Presumably, the 18.3 (F) vs. 24.4 (M) success rates in the astronomer bin are driven mostly by seniority, not sexism. Indeed, it's not just seniority but very a specific kind of experience that is at work here. As Patat notes, people who apply again and again are more successful than people who apply only once. This, he explains, is because it's not just about whether your proposed study is well thought out. It's also about whether you pitch it in the right way to the time allocation committee. It’s not just experience in the field of astronomy that matters but experience in the particular practice of applying for telescope time—indeed, specifically at the ESO. And, since the successful repeat applicants group is dependent on time spent in the field as well (just as career level), it will also skew male in a discipline, like astronomy, that has traditionally been (and remains) male dominated.

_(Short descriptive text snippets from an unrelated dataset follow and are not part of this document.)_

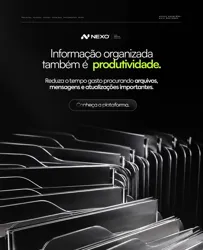 Informação Organizada Startup Tecnologia e Gestão PSD Editável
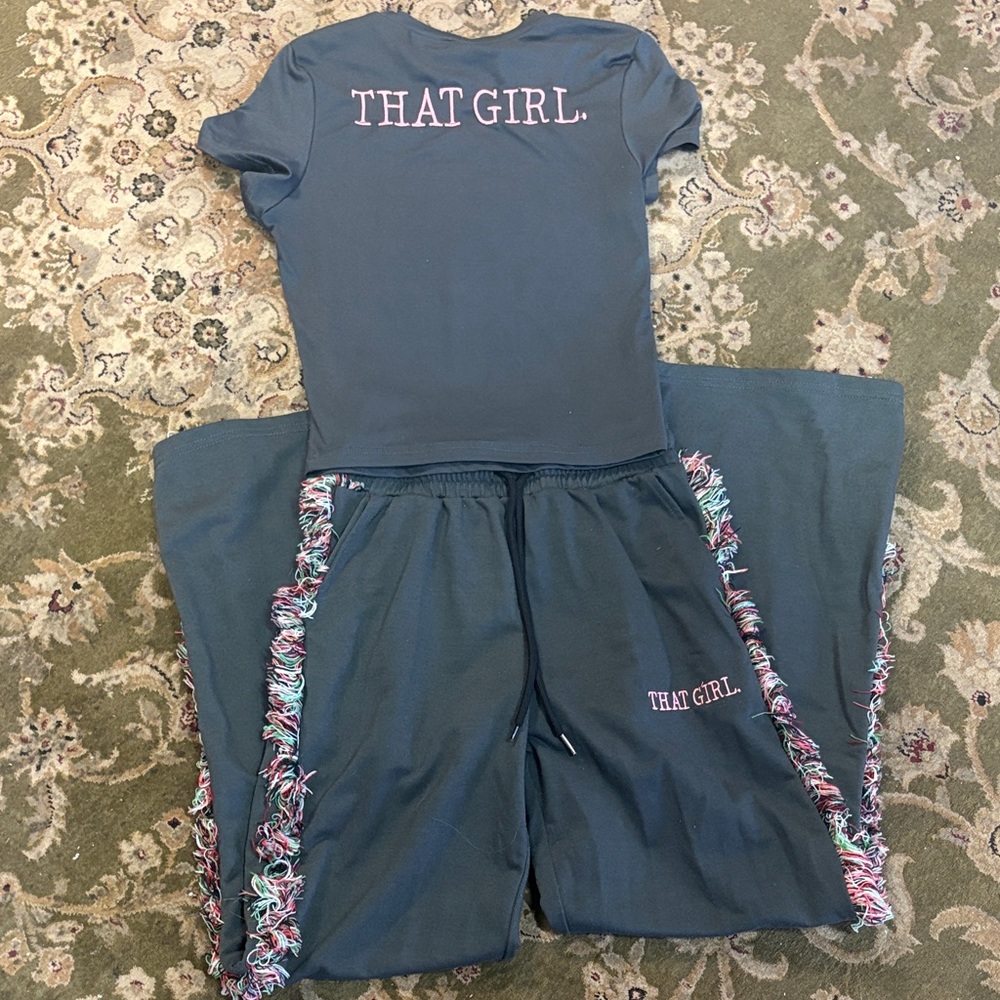 SHEIN Dark Gray 'THAT GIRL' Top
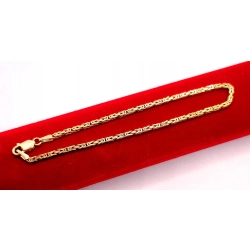 Złota bransoletka Królewska PR.585 W:4,61gr Dł.19,5cm InterSKLEP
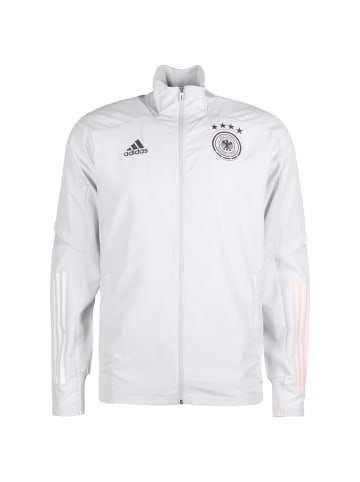 adidas Performance Funktionsjacke DFB EM 2021 in hellgrau / schwarz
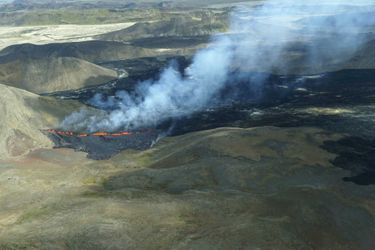 L'éruption a débuté près de Fagradalsfjall, en Islande. 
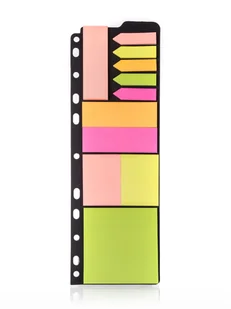 Zestaw karteczek samoprzylepnych 11 x 25szt różne kształty - Gadżety  do biura - miniaturka - grafika 1
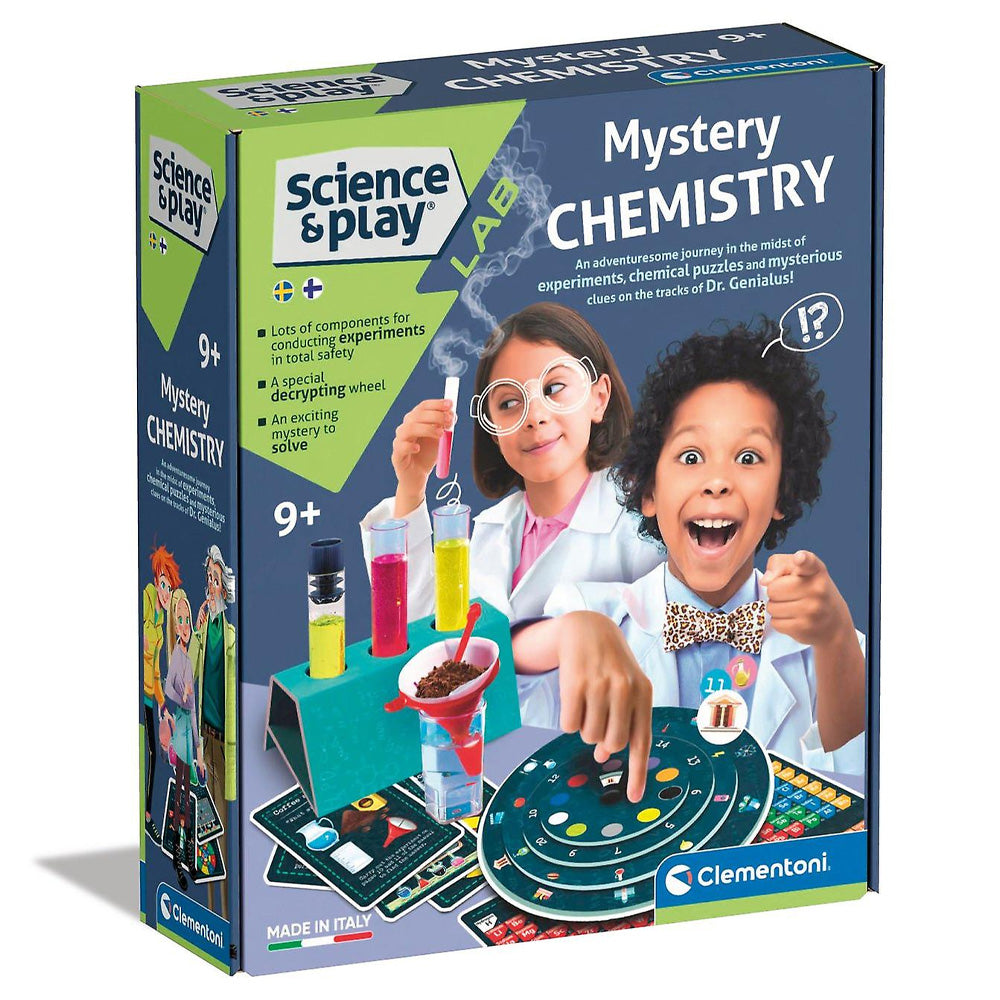 Clementoni Science & Play Lab: Mystery Chemistry STEM Set Age 9+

This post is already too long, but there something I have to say before wrapping it up. Patat did find "a small, but statistically significant, gender-dependent behaviour" among referees. Referees tended to withhold top grades from women slightly more than from men. "Both genders show the same systematics, but they are larger for males than females." It's impossible to know, at this point, how much this reflects differences in quality between the applications, differences in the standards used in refereeing, or actual conscious or unconscious biases in the minds of (both male and female) astronomers about female astronomers. The difference is certainly very small, and until we get a more accurate null for the difference in success rates, I don't think we should suspect systematic bias as the most likely culprit.

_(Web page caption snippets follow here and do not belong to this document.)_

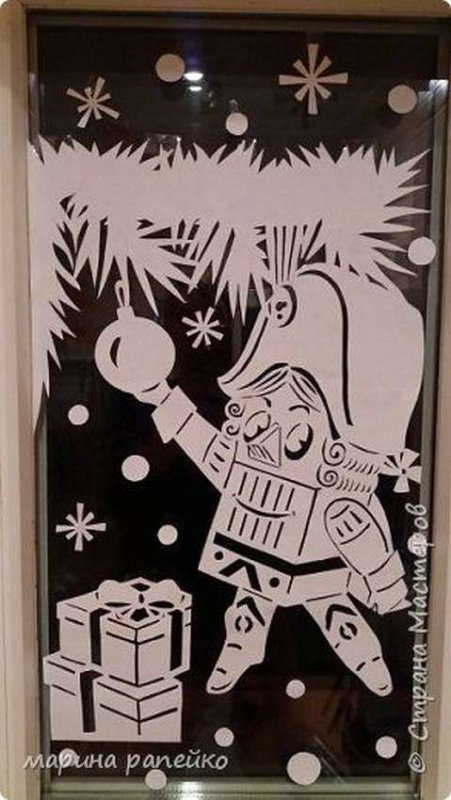 Украшения на окна Щелкунчик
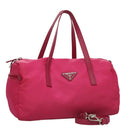 PRADA Hand Bag Nylon 2way Pink Auth 105452V-13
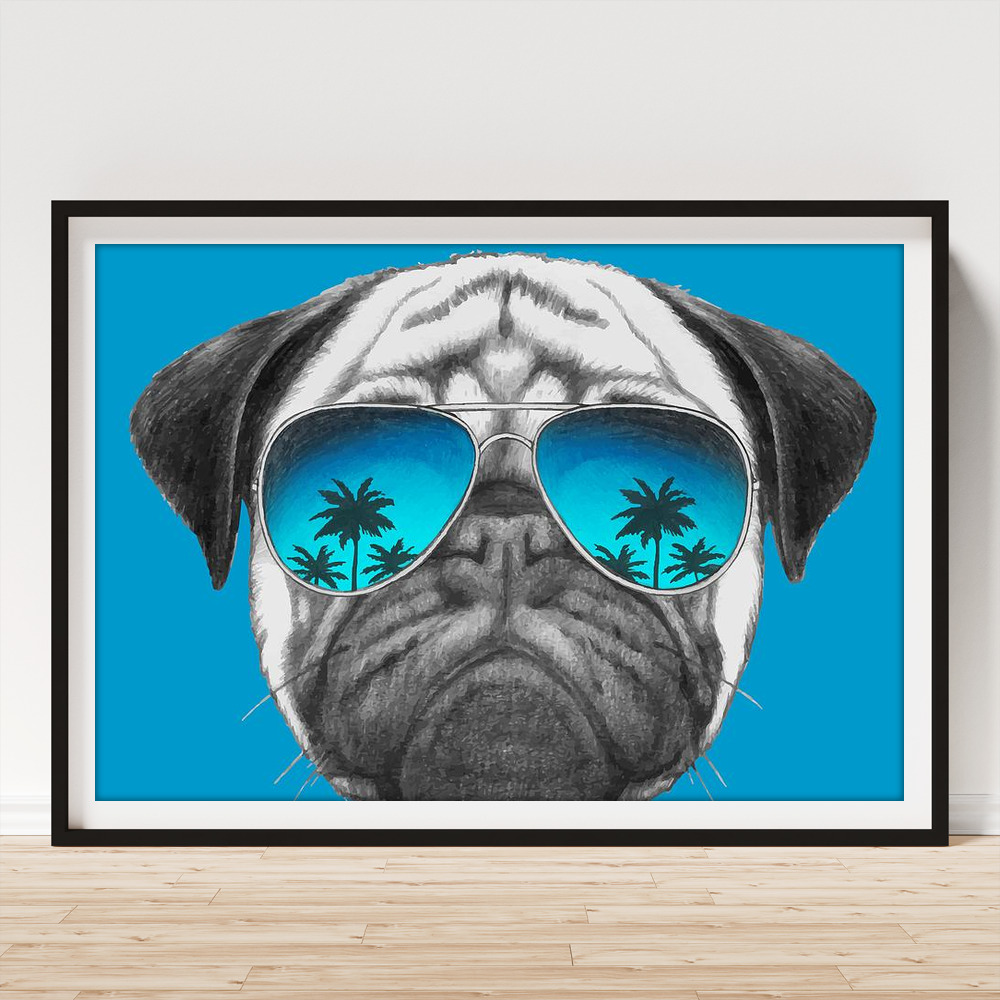 Pug Dog with sunglasses Poster by Marco Sousa - Fine Art America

All in all, in any case, I’m pretty sure the ESO review process is not sexist, regardless of how Science and HuffPo (and the AAS and CSWA** for that matter) want to spin it. The data makes the most likely hypothesis at this point that it's all about seniority and experience, not gender. Sure, you can now make a case that this makes it all the more important to ensure that women have the same opportunities for advancement as men in astronomy. But that is actually Patat's point. To say that "an internal ESO study has found" a "gender bias in awarding telescope time", as Science reports, or, as HuffPo says, that women are less successful than "their male counterparts", in my opinion simply misstates Patat's conclusions.

________
*Ooops: this read "inclusive" when I first posted. I have fixed a number of other small typos too.

**Update (15/10/21016): I was disappointed to see the Women in Astronomy Newsletter link uncritically to the Science story, posting the first paragraph of Kuo's story, which says "Astronomers ... are less likely to get [time] if they’re women." Like I say, that seems to be a baseless attribution of causation. Also, like I say, Kuo misunderstands how seniority informs the null in the study. It would have been better to post the abstract of Patat's paper and a link to that.

4 comments:

Anonymous said...

> Referees tended to withhold top grades from women slightly more than from me.
I am sure that referees are unfair to you but ;-)

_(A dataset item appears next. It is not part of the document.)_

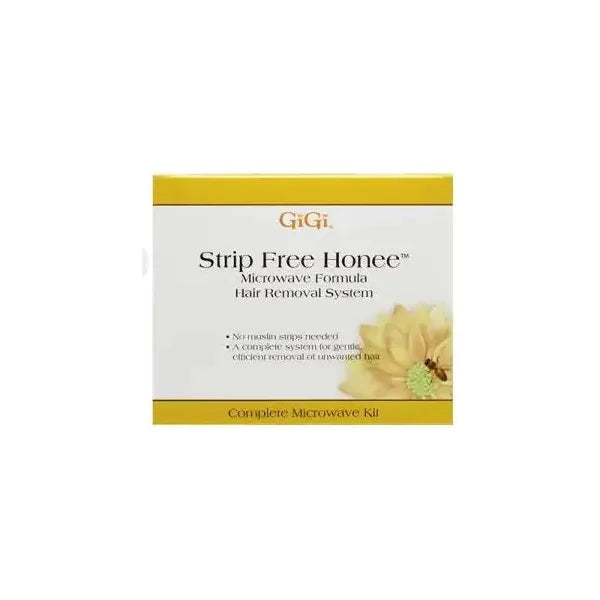 Kit d'épilation Gigi Strip Free Honee Microwave Formula - 35 pièces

It is almost impossible to learn about gender effects from _administrative_ data and the largest problem might be that that is not well or widely appreciated.

This might be of interest http://www.mitpressjournals.org/doi/abs/10.1162/rest_a_00110?journalCode=rest#.WADyQfkwhpg as well as this http://a2jlab.org/we-are-the-a2j-lab/ (author of the first link).

Keith O'Rourke

Thomas said...

Thanks for catching that, Keith! (Strange, I'm sure I already corrected it once. But I think I must merely have noticed it and then forgotten to correct it.)

Will have a look at the paper.

Anonymous said...

A small correction: it's American Astronomical Society, not Association.

Thomas said...

Thanks. I seem to make that mistake every other time!